My writer's creed:

My Writer's Creed:
Every writer’s work should be suitable to warm oneself by a fireplace on a cold day, either by the burning it produces in the heart and mind or by the blaze it stokes as its pages are cast on the coals! Both are useful. For those who are served in either sense, I resolve to write as much as I possibly can!

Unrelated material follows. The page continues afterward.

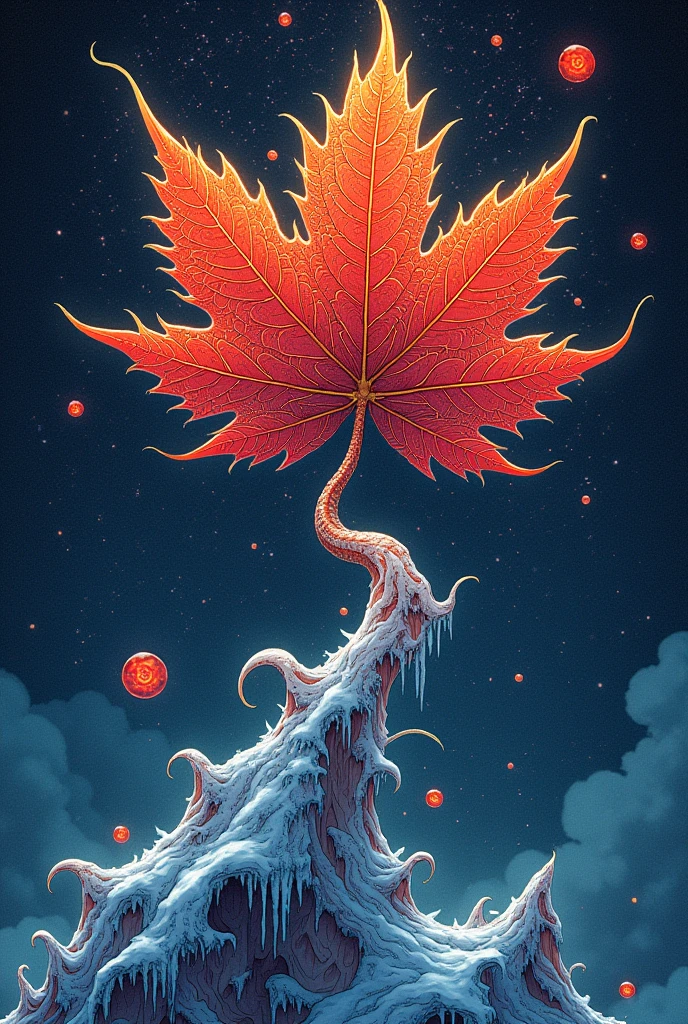 absurd, high resolution, super detailed, official art, unified 8k wallpaper, super detailed, beautiful and aesthetic, masterpiece, best quality, (zentangle, maple leaf, tangled, entangled), (fractal art: 1.3), realistic, (masterpiece, top quality, best quality, official art, beauty and aesthetics: 1.2), very detailed, fractal art, colorful, most detailed, zentangle, (abstract background: 1.5) (1boy: 1.3), gods, (glowing red eyes), mysterious, (magic), (sitting on top of the giant Lycoris radiata), ice and snow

Thursday, November 9, 2017

Blessing and Cursing

Reading recently in Genesis 12, I thought of a connection between God’s covenant with Abraham and Peter’s letter we’ve been studying in our Sunday morning preaching. Vv.1-3 is an early expression of the good news of salvation, the blessing of “all the peoples on earth” through Abraham – more specifically, of course, through his descendant, Jesus Christ. But the blessing is conditional, and there is also a promise of cursing, which too is conditional. The condition given for God’s blessing or cursing is how one treats God’s people, because that is an expression of how they respond to God Himself. Jesus clarified this to say that all people will be judged in how they respond to Himself, which again is revealed by how they treat those who belong to Him (cf. Mt 25:31-46). He turned an ancient Jewish culture on its head when he told his followers, “Bless those who curse you, pray for those who abuse you” (Mt 5:44). The point is clear, and it is consistent with the Abrahamic Covenant: God is the one who does the blessing and cursing, not us! When Peter addresses our treatment from non-believers, he affirms that in persecution we are blessed (1 Pt 3:13), while our persecutors will be shamed (v.16). Out of our own blessing we offer a blessing to our persecutors (v.9), leaving their judgment up to God (4:5). We are blessed in suffering unashamedly for Christ (vv.14,16), but judgment of the sinner is up to God (v.17). So, I wonder, what opportunities might we have in a frantic holiday season – with competitive shopping and awkward family get-togethers and such – to bless and pray for those that curse and abuse us?